◆ **Data provided**

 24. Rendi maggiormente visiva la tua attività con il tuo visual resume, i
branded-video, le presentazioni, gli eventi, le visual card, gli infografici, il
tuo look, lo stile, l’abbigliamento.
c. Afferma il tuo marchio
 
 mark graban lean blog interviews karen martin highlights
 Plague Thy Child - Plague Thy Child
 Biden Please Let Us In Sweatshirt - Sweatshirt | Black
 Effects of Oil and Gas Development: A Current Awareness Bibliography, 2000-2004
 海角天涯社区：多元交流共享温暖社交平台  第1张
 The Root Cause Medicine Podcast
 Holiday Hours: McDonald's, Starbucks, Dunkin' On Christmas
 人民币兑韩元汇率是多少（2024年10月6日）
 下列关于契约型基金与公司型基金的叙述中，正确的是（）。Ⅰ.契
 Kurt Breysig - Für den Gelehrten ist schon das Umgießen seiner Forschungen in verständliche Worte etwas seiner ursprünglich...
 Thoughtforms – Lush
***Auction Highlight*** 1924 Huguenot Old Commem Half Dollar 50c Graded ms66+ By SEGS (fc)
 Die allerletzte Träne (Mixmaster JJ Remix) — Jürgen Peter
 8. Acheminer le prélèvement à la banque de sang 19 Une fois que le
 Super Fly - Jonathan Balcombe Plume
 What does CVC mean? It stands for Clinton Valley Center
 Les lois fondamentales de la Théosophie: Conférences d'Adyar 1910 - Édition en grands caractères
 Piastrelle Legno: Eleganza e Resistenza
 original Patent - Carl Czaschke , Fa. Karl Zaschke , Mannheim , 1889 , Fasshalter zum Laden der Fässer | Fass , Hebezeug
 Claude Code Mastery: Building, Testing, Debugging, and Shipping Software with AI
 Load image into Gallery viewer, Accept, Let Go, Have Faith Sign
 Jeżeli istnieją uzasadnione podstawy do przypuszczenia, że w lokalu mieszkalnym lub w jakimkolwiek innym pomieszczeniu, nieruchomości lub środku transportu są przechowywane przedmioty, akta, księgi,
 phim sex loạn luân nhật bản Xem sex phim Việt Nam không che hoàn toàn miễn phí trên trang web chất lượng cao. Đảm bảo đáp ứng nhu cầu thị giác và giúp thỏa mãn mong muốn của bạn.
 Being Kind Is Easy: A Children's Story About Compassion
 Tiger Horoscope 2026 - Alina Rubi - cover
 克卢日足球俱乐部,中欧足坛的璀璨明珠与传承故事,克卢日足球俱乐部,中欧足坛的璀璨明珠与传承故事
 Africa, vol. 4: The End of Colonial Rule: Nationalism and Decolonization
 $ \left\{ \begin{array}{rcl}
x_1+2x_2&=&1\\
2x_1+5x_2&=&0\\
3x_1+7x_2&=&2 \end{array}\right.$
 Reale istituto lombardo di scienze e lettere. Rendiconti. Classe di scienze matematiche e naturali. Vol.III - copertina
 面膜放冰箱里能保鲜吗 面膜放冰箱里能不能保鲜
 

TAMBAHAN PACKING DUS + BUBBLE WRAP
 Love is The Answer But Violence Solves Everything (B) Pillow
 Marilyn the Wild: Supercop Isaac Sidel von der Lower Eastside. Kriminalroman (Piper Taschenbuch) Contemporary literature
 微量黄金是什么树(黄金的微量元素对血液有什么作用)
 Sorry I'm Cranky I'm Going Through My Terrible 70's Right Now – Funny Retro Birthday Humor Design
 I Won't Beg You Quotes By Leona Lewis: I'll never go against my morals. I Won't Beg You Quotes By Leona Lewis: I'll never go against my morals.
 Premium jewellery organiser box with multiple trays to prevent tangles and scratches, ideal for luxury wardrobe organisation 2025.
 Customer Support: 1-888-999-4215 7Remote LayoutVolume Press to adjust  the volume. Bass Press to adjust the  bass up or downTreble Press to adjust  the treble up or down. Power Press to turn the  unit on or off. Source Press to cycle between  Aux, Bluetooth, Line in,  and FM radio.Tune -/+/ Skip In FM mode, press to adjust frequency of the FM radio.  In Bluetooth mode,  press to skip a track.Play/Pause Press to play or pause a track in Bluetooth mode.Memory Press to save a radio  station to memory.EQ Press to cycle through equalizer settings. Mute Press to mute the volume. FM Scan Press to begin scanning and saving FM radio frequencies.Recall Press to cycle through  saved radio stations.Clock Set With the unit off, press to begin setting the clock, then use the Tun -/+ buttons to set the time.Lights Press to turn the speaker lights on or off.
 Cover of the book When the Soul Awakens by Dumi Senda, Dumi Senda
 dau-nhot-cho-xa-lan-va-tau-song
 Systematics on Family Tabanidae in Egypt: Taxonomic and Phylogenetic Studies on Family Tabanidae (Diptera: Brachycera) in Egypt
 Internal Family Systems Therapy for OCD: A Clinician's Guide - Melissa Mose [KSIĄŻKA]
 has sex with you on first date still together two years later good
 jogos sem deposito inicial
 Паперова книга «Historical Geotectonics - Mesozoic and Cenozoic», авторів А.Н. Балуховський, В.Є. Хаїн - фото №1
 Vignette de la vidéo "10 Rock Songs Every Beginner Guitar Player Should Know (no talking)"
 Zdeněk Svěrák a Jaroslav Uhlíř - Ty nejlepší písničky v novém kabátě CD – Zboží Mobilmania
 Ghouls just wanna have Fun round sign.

◆ **Task goal**
Return the line that contains "Хаїн - фото №1" along with every line after it through the end of the entries, exactly, adding nothing.

◆ **Completed exercise**
 Паперова книга «Historical Geotectonics - Mesozoic and Cenozoic», авторів А.Н. Балуховський, В.Є. Хаїн - фото №1
 Vignette de la vidéo "10 Rock Songs Every Beginner Guitar Player Should Know (no talking)"
 Zdeněk Svěrák a Jaroslav Uhlíř - Ty nejlepší písničky v novém kabátě CD – Zboží Mobilmania
 Ghouls just wanna have Fun round sign.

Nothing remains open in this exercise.